18日目 呪いの人形『必要とされたいの』
ニアが目を覚ますと、子供の身体に戻っていた。ノクスも狼男から黒猫の姿に戻り、ニアの隣ですやすやと丸くなっていた。自分の中で何かが変わっていくことをニアは感じていた。
「今日は何を望みますか?」
ゼルが優しく語りかけてきた。
「愛はまやかし、なのよね。それじゃあ、人を満たすものって何?」
「何故そんなことを?」
「私は満たされたいの。みんなから優しくされて、いい気分になって、温かい寝床でお腹いっぱいになって眠りたいの。それって、愛じゃなかったのね」
ゼルは大きく頷いた。
「そうです。そこにお気づきになるというのは、貴女が魔女に近づいている証拠です」
「それじゃあ、私は何を望めばいいの? 満たされないという気持ちがまやかしだったら、私は一体どこへ行けばいいの?」
ニアはゼルからの返答を待った。
「人は何を望めばいいのか……いい質問ですね。空っぽの人形みたいな貴女から、随分と難しい疑問が生まれたものですね」
「私、お人形じゃないもの。魔女だもの」
ニアは上目遣いでゼルを睨んだ。
「まあ、小さな魔女さんですこと。いいでしょう。人が本来望むべきもの、それは常に満たされたいという願望ですよ」
「願望?」
「そうです。満たされては人は生きていけません。常に飢え、更なる欲望に身を任せること。そのために何でもできるという覚悟を持つこと。それが人間本来の美しさです」
ゼルはニアに、人形のフランを放り投げた。ニアは慌ててフランを受け止める。
「その子は貴女が欲しいと望んだお友達。その子を望んだ日、貴女は涙を流して人形を受け入れていた。でも今ではどうですか? フランだけで満足できますか?」
ニアの中を冷たい風が通り抜けたようだった。フランは不安そうにニアを見つめていた。
「そんな、フランは今でも私の大事なお友達だもの。フランがいれば大丈夫よ」
「そうですか。それではフランに尋ねてください。自分が必要かどうかということを」
ニアはゼルの言う通り、フランに尋ねた。
「ねえフラン、私たち、ずっとお友達よね」
『当たり前じゃない。私は、ニアがいればそれでいいわ』
フランは変わらぬ調子で応えた。
「そうよね、私もフランがいれば大丈夫よ」
ニアはフランに頬ずりをした。フランは人形で動けないが、ニアの気持ちを一心に受け止めているようだった。
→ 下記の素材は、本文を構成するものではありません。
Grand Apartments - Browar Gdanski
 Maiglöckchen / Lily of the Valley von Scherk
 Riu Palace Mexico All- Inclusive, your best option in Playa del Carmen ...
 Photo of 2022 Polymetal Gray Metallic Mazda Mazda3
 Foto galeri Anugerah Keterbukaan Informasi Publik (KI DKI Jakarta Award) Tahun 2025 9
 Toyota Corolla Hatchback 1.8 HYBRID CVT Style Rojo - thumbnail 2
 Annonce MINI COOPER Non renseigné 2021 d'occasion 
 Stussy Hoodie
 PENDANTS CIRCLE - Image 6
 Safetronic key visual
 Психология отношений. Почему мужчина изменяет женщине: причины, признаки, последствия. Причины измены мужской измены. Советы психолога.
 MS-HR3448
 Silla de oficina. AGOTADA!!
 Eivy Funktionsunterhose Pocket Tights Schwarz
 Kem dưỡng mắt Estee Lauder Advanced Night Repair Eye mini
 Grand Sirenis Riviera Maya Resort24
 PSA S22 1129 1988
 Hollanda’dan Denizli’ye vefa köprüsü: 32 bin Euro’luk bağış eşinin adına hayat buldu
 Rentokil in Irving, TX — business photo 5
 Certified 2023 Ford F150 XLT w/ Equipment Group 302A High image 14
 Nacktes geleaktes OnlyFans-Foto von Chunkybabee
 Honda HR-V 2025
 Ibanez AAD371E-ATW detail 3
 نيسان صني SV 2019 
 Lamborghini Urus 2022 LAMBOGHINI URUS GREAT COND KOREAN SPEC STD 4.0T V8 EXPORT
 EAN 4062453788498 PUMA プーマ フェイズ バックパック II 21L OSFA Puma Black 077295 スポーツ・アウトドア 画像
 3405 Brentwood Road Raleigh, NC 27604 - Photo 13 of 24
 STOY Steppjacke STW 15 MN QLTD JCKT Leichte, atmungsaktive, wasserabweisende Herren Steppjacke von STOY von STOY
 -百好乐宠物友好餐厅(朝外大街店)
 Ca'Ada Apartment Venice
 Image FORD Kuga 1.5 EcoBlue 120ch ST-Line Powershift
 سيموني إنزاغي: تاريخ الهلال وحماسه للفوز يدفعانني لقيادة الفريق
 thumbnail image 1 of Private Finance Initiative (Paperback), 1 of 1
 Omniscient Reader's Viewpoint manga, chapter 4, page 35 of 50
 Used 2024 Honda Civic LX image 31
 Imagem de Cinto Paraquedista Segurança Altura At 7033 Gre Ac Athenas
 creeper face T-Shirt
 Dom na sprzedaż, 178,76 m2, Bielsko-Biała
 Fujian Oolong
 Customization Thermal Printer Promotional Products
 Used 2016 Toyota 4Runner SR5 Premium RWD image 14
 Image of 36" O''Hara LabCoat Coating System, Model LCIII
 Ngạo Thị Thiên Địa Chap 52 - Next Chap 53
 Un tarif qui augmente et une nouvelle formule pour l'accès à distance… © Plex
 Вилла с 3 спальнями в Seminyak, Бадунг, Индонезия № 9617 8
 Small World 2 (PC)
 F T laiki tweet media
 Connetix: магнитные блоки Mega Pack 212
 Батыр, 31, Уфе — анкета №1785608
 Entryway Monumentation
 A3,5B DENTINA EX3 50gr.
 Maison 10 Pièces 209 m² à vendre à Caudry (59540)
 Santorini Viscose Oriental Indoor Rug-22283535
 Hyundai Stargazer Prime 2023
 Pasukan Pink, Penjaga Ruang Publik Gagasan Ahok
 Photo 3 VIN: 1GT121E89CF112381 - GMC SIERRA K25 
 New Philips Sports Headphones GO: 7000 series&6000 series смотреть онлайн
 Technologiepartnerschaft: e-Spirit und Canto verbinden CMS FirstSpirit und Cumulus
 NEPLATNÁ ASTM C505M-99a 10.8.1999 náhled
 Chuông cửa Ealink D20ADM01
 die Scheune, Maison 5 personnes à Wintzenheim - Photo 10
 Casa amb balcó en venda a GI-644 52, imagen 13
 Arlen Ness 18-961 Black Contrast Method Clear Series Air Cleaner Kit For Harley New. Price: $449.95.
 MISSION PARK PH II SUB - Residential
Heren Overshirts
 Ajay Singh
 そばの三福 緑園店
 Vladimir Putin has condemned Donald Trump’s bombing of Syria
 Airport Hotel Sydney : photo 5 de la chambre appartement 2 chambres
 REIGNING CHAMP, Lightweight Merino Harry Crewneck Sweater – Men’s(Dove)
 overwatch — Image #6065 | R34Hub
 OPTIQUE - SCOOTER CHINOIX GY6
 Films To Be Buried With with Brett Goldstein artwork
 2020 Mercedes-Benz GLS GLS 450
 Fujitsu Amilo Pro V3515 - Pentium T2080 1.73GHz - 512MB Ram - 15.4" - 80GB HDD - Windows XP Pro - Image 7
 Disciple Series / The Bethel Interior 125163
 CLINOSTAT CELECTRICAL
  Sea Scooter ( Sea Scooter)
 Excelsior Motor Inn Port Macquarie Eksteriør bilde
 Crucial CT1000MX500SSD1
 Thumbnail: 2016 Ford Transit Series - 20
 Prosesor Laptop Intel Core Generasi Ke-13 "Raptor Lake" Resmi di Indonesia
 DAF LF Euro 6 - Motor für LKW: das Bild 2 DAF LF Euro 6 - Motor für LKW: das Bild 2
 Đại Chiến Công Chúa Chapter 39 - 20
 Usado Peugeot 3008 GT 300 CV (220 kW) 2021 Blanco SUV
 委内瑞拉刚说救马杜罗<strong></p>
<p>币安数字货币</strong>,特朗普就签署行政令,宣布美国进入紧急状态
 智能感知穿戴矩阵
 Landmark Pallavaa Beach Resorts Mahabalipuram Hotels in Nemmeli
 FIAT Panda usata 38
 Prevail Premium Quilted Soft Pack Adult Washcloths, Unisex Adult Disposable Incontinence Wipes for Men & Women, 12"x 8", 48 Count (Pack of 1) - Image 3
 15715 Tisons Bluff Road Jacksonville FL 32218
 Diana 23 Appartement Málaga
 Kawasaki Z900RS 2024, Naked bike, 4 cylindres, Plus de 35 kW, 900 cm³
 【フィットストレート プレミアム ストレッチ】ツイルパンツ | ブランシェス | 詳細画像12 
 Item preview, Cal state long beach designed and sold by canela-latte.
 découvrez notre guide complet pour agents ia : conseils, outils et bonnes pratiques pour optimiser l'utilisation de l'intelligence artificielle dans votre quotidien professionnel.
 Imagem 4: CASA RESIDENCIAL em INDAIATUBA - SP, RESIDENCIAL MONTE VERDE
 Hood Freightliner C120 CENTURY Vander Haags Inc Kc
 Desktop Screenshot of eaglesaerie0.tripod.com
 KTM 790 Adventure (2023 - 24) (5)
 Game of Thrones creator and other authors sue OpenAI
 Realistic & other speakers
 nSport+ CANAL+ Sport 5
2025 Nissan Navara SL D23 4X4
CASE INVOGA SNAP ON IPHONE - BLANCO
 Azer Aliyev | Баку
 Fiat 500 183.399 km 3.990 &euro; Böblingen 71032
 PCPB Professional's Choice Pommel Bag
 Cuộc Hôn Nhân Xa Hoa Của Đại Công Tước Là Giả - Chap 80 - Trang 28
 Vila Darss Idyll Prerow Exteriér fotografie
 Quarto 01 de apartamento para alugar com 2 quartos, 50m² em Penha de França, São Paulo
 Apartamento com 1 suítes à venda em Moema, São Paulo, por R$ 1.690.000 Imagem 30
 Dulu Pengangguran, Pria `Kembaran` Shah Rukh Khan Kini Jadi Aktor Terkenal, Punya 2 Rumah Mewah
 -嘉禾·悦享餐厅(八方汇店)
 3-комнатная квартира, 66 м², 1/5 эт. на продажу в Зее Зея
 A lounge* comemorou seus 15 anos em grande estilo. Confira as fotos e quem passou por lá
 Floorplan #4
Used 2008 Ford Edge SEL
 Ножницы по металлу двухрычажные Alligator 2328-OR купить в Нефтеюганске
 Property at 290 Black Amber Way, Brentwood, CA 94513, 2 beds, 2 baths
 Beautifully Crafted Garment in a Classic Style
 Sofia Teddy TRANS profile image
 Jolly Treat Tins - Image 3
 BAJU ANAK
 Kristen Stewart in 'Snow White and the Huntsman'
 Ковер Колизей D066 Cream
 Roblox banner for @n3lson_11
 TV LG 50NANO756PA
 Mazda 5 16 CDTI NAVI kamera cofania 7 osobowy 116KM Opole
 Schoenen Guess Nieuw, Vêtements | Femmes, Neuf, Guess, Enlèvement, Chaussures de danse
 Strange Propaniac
ゼルはフランを抱きしめるニアを見て、ギラギラを目を光らせた。
「それでは久しぶりにおままごとでもしましょうか」
「いいわね。今度は私がお母さんをやるわ」
ゼルが手を振ると、久しぶりにドールハウスが部屋の真ん中に現れた。赤ちゃんの役のフランは、家の真ん中の椅子に置かれていた。
「まあフラン、こんなにご飯をこぼしてしまって、悪い子ね!」
お母さん役のニアはフランを椅子から叩き落とした。
『ああ、お母さんごめんなさい。私、悪い子ね』
「そうよ、フランは悪い子。お仕置きをしなくちゃ」
それから、ニアはフランを浴槽に浸けたり紐で縛ったりお仕置きを加えた。フランが「ごめんなさい」と悲鳴をあげるたび、ニアは満たされる気がしていた。
「ねえゼル。この人形とっても面白いね」
「どうしてですか?」
「私の言うこと、何でもちゃんと聞いてくれる」
ニアは美しく笑った。ニアは何でも言うことを聞いてくれるフランがすっかり好きになっていた。その日、ニアはフランの髪の毛をばっさりと切って顔にいっぱい落書きをした。それでもフランは何も言わなかった。
本当は、フランに「もうやめて」と言ってほしかった。でもフランが絶対そんなことを言わないのをニアはわかっていた。わかっていて、フランをいじめた。満たされるとはこういうことか、と納得した日であった。